It is important to note that not all of the men who registered for the draft actually served in the military and not all men who served in the military registered for the draft. Moreover these are not military service records. They end when an individual reports to the army training camp. They contain no information about an individual's military service."

You should post other supporting documents: photos, records, news articles, etc. in addition to this draft registration, in order to include someone in the category. You can use the draft registration for other means, such as corroborating a birth date, place, or names of relatives, description, etc, and it is certainly a useful doument. It just doesn't prove that that particular man served in the war.


National Archives has some helpful information :https://www.archives.gov/publications/prologue/1998/fall/military-service-in-world-war-one.html

in The Tree House by Natalie Trott G2G6 Pilot (828k points)
edited by Natalie Trott
This also applies to the WWII "old man" draft cards of 1942. They all filled them out, but most of those men didn't serve in the war.
You're so right.

But be sure to look at Find A Grave memorial pictures for military foot stones and headstones......   This DOES mean they served  (99.99% of the time;  mistakes always happen!).   Since these monuments or medallions are furnished for free, beginning  1917  (even if there's a privately purchased headstone),  it's common for families to apply to the VA for a marker.    Before 1917,  if the soldier's grave is unmarked the VA will still supply the military marker.... there's always  "small print".
Yes, those are good proof.

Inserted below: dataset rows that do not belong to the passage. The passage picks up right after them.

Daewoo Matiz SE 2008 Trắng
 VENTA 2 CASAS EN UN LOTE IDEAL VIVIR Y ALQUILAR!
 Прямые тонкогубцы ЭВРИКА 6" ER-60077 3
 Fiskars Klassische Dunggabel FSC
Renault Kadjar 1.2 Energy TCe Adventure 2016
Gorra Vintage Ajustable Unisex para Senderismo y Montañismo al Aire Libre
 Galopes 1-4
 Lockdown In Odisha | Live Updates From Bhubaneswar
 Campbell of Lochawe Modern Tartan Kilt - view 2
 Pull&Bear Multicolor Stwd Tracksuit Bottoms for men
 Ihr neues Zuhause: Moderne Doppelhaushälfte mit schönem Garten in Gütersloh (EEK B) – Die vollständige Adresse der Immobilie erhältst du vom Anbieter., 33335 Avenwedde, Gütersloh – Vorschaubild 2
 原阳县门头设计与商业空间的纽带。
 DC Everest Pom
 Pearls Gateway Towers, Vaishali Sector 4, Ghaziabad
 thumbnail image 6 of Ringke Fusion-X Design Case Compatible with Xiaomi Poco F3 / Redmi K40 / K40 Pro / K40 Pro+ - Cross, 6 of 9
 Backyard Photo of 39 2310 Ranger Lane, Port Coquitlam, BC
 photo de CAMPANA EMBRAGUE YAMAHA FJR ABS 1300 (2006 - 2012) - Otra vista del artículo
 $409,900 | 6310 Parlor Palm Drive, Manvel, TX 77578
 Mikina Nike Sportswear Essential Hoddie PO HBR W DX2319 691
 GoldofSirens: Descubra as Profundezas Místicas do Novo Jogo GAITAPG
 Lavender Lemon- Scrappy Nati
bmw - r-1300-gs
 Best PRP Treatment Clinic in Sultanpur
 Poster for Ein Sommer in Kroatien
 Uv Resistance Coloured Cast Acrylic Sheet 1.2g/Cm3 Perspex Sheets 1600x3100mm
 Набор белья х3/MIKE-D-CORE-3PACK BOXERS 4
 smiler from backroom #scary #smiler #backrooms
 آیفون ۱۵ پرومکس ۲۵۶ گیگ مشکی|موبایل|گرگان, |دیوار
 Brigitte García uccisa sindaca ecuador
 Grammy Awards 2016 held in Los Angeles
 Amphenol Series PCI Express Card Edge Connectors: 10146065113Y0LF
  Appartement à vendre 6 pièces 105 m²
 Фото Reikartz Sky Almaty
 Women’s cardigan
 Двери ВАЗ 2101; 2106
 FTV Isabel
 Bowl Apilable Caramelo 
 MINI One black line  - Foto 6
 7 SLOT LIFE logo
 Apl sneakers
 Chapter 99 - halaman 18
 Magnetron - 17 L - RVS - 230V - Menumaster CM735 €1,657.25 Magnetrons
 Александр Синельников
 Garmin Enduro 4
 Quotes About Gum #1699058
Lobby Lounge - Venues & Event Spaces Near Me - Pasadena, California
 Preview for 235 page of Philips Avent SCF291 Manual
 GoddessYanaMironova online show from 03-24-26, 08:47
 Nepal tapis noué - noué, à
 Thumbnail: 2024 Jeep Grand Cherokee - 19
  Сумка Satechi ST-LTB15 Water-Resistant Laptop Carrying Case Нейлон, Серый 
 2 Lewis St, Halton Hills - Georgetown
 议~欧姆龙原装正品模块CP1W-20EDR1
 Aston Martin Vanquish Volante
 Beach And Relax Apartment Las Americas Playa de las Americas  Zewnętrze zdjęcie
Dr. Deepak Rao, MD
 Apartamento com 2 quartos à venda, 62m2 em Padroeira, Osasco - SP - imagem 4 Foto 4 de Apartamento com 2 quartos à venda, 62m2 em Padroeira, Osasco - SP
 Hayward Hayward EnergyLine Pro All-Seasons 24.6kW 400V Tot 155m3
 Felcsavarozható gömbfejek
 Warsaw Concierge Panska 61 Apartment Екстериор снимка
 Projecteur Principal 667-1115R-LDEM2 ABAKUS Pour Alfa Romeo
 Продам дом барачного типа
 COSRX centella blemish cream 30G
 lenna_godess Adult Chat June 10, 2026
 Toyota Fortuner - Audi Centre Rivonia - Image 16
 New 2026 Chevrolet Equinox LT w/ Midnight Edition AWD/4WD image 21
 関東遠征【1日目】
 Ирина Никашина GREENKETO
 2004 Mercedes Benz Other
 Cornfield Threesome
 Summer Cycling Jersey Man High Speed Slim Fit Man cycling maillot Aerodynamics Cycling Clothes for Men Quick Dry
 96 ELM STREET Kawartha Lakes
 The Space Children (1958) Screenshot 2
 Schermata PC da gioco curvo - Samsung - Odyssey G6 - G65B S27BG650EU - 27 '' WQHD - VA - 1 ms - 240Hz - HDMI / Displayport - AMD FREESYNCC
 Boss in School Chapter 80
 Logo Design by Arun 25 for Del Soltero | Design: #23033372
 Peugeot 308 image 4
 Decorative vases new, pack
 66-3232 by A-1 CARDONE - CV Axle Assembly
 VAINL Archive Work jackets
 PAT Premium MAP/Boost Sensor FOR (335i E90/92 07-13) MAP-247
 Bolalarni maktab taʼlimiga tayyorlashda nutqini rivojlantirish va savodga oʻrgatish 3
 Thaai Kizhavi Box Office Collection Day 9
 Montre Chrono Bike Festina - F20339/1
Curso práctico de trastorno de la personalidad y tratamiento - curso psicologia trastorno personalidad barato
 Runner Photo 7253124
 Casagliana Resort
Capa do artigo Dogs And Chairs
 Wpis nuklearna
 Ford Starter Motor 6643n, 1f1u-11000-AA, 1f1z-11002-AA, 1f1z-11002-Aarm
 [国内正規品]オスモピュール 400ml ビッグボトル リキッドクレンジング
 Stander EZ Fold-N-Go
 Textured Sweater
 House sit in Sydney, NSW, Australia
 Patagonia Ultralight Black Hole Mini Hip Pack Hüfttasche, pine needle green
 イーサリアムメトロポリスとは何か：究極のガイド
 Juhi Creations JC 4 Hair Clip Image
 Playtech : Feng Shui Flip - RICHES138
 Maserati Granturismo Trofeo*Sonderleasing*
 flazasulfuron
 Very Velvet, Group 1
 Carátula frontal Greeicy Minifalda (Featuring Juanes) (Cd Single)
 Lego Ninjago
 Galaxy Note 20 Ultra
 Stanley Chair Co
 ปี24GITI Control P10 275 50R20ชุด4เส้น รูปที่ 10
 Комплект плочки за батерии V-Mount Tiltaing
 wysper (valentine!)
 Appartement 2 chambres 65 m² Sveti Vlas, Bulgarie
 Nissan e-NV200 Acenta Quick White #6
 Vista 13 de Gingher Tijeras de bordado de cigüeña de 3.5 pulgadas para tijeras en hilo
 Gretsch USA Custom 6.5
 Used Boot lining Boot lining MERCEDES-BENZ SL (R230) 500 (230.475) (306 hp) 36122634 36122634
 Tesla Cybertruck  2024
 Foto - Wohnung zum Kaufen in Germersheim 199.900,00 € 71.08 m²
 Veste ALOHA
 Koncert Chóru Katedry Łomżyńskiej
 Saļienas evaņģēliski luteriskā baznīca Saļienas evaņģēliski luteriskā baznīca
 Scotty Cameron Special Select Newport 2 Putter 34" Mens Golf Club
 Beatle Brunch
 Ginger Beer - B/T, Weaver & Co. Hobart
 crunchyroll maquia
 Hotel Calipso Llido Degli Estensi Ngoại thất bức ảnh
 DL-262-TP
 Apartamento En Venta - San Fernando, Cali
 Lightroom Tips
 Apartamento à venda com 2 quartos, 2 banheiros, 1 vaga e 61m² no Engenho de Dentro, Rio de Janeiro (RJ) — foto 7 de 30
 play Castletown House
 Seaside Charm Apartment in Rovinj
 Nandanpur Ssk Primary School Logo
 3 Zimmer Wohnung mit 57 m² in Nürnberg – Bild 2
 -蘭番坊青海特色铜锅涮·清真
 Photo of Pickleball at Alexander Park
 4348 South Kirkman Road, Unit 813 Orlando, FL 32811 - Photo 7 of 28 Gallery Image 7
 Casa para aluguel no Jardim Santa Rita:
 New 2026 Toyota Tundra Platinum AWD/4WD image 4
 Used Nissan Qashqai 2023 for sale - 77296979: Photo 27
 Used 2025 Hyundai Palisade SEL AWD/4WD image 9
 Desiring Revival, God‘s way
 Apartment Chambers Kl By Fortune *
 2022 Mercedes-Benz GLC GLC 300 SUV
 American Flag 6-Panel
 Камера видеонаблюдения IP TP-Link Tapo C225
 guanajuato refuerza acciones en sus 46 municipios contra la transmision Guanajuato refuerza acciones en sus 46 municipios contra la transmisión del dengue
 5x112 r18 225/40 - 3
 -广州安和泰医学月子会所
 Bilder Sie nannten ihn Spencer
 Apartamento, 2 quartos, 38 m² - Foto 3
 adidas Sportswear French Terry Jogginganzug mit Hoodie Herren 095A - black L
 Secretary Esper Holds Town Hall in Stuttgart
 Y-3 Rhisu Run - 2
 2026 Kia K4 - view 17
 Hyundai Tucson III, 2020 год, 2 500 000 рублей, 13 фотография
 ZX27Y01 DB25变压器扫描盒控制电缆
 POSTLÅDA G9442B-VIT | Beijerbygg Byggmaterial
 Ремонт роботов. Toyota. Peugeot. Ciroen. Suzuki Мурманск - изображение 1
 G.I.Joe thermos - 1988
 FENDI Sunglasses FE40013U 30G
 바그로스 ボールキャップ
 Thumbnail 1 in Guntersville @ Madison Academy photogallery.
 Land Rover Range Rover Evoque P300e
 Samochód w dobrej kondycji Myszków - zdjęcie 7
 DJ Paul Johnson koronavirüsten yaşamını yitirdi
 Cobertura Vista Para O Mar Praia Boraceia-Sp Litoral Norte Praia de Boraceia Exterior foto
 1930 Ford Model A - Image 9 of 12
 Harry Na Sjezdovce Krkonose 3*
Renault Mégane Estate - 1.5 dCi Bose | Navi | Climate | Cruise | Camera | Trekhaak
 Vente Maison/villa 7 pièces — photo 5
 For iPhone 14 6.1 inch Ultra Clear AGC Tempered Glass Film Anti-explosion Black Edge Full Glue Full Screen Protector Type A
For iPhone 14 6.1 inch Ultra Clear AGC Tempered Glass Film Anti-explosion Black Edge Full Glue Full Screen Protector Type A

I think ancestry has some records for applications for headstones, so some folks have access to these records.
Agreed Peggy but due to my general dislike of FAG I would always advocate the War Graves Commission for the best information on those that gave their lives. Unfortunately it is much harder to track the ones that survived! I can't wait for the 1921 census.... I have several relatives who may or may not have survived the war.....
More difficult to find USA information that Commonwealth. The War Graves Commission has done a great job of documenting the fallen. I have to second Stuart's Canadian link. The Library and Archives Canada has made the personnel records available for all. In the USA, a great number of the personnel records were destroyed in a fire at the Saint Louis branch of the National Archives.
Great information! What brought this on is that I was creating a new WWII category, then ended up at the United States Military History category and in the World War I category. I found a bunch of men categorized in these high level categories with no actual proof that they ever served. (Not even a veteran's grave marker.) I know this doesn't mean they DIDN'T serve, but it doesn't show that they did either. So why put them in these categories? (Especially US Military History https://www.wikitree.com/wiki/Category:United_States_Military_History). Seems like indiv. profiles should not be placed in that category, no?)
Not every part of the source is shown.